The Unexpected Reason Flight Attendants Will Never Help You Stow Your Luggage

You board your plane, carry-on luggage in tow, and realize the bag is too big to fit under the seat in front of you. You find an empty overhead compartment and ask a member of the cabin crew for a hand stowing your luggage. To your surprise, they refuse to help, and you chalk the interaction up to low flight attendant morale (and start mentally outlining a complaint letter to send to the airline later).

This scenario is common, though it's not a sign of poor customer service or burned-out attendants, as you may assume. Rather, stowing luggage isn't part of the flight attendants' job duties. "Expecting your flight attendants to lift your luggage and put it in the overhead bin is one of the biggest misconceptions of the role of flight attendants," Jay Robert, a flight attendant and founder of A Fly Guy Travels, told HuffPost. "Not only is lifting passenger luggage not our responsibility, but we are also instructed by the airlines not to do it, and if we are injured as a result of lifting luggage, we will not be protected by the company's medical leave and injury pay protection."

This is especially true when flying with an airline that doesn't start paying cabin crew until after boarding is completed. In these cases, flight attendants are working off the clock when helping passengers stow their luggage, meaning there's often no right to compensation or paid time off if they get hurt.

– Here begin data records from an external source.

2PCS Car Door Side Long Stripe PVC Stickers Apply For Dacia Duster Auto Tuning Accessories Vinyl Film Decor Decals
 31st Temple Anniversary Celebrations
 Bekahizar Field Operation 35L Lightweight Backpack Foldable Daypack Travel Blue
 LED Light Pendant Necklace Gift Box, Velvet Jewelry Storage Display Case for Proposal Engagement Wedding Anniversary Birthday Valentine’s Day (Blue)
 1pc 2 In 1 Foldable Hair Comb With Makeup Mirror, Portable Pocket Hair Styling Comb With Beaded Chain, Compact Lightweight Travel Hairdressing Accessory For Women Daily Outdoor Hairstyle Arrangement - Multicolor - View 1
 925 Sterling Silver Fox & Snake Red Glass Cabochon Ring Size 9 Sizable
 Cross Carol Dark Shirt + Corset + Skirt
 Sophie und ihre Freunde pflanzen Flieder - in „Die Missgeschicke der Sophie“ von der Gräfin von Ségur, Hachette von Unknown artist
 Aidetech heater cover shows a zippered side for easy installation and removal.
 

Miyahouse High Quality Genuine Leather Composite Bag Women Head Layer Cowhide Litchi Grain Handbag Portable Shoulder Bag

What to do if you can't stow your own luggage

So, what should you do if you can't place your own items into the overhead compartments? First, if you can reach over your head but struggle to fit your suitcase in the bins, make sure you're placing the bag in the space properly. In many planes, the wheels go first, leaving the handle facing out. If your bag still doesn't seem to fit, ask a flight attendant which direction the bag should face, though don't expect them to lift or adjust the luggage for you.

If you're too short to reach the overhead bins or your carry-on is too heavy to lift yourself, politely ask for help from a nearby passenger. Chances are, someone will be willing to give you a hand, especially if you're holding up the line in the aisle.

If you know that lifting is a challenge, consider sticking to a smaller bag that can fit under the seats or packing light enough that you're able to lift the item yourself. Alternatively, as an airline employee named Cierra Mistt suggested in a viral TikTok video, ask to check your carry-on bag at the gate. Most airlines will take the luggage off your hands for free and return it to you again once you land.